[Stored entries]
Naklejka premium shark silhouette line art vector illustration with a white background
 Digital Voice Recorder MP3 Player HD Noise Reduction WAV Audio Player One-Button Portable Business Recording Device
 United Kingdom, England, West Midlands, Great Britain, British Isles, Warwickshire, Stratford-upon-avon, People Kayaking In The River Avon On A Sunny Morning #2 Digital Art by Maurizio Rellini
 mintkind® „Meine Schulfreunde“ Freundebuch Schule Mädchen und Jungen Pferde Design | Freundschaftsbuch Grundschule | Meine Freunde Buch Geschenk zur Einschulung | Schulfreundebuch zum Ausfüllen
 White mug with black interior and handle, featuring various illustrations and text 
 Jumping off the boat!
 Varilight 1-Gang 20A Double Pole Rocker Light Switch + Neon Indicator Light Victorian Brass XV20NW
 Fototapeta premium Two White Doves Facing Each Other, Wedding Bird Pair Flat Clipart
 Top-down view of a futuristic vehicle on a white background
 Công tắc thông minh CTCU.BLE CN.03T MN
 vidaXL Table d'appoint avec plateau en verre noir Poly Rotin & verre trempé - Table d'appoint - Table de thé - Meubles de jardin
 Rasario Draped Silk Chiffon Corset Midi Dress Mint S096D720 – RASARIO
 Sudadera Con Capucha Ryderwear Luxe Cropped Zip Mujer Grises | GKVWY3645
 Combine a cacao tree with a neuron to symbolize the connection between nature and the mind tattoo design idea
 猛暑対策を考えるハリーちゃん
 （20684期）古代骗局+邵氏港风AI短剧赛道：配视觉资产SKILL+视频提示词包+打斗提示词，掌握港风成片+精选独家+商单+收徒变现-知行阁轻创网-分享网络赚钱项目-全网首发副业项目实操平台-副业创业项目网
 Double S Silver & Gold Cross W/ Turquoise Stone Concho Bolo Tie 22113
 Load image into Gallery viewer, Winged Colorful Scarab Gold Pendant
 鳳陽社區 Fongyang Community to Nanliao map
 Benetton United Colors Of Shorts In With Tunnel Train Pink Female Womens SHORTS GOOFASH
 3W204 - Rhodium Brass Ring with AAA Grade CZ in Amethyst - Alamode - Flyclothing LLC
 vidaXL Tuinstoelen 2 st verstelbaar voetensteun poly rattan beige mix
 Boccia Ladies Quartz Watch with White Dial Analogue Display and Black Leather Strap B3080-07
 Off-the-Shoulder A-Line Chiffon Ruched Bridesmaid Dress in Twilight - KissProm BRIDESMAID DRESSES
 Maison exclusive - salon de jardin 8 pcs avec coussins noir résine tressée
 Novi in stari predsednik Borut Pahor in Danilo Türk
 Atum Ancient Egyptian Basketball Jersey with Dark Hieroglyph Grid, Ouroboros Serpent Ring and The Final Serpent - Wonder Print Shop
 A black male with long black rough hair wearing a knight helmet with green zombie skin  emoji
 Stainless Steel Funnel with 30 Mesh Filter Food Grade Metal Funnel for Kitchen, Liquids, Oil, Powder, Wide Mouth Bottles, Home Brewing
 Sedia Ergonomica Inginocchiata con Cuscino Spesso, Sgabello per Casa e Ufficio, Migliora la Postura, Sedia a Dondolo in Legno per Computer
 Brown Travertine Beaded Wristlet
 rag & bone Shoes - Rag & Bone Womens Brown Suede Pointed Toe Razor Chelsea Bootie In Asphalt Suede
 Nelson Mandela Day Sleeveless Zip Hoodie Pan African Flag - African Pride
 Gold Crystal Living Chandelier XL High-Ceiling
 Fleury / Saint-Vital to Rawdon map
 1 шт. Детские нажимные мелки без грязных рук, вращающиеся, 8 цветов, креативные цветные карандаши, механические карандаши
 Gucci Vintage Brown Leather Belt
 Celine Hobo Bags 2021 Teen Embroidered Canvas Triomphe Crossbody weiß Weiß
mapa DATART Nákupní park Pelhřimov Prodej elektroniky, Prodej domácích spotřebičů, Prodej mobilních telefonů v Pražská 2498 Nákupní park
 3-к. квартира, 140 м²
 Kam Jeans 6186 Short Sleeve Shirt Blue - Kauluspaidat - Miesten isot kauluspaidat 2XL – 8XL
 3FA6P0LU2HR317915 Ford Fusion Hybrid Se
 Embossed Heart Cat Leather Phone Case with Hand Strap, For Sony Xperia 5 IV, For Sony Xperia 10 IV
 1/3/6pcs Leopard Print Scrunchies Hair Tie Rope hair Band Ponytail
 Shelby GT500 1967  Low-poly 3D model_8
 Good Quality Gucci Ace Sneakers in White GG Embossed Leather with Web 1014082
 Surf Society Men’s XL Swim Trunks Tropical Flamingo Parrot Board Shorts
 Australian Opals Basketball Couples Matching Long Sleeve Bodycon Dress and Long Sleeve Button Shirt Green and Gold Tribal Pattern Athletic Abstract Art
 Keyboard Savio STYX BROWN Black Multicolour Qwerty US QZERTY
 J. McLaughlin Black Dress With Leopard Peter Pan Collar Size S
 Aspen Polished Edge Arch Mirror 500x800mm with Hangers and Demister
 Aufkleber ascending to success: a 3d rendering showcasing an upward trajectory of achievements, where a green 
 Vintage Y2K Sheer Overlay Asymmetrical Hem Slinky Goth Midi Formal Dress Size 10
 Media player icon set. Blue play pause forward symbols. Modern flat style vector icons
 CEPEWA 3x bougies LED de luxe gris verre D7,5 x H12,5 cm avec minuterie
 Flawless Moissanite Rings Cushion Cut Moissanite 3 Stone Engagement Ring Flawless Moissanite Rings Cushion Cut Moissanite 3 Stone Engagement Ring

■ Try it:
Reproduce exactly the section above that begins at the line containing "Combine a cacao" and ends at the line containing "vidaXL Tuinstoelen 2", leaving out all other lines.

■ Task output:
 Combine a cacao tree with a neuron to symbolize the connection between nature and the mind tattoo design idea
 猛暑対策を考えるハリーちゃん
 （20684期）古代骗局+邵氏港风AI短剧赛道：配视觉资产SKILL+视频提示词包+打斗提示词，掌握港风成片+精选独家+商单+收徒变现-知行阁轻创网-分享网络赚钱项目-全网首发副业项目实操平台-副业创业项目网
 Double S Silver & Gold Cross W/ Turquoise Stone Concho Bolo Tie 22113
 Load image into Gallery viewer, Winged Colorful Scarab Gold Pendant
 鳳陽社區 Fongyang Community to Nanliao map
 Benetton United Colors Of Shorts In With Tunnel Train Pink Female Womens SHORTS GOOFASH
 3W204 - Rhodium Brass Ring with AAA Grade CZ in Amethyst - Alamode - Flyclothing LLC
 vidaXL Tuinstoelen 2 st verstelbaar voetensteun poly rattan beige mix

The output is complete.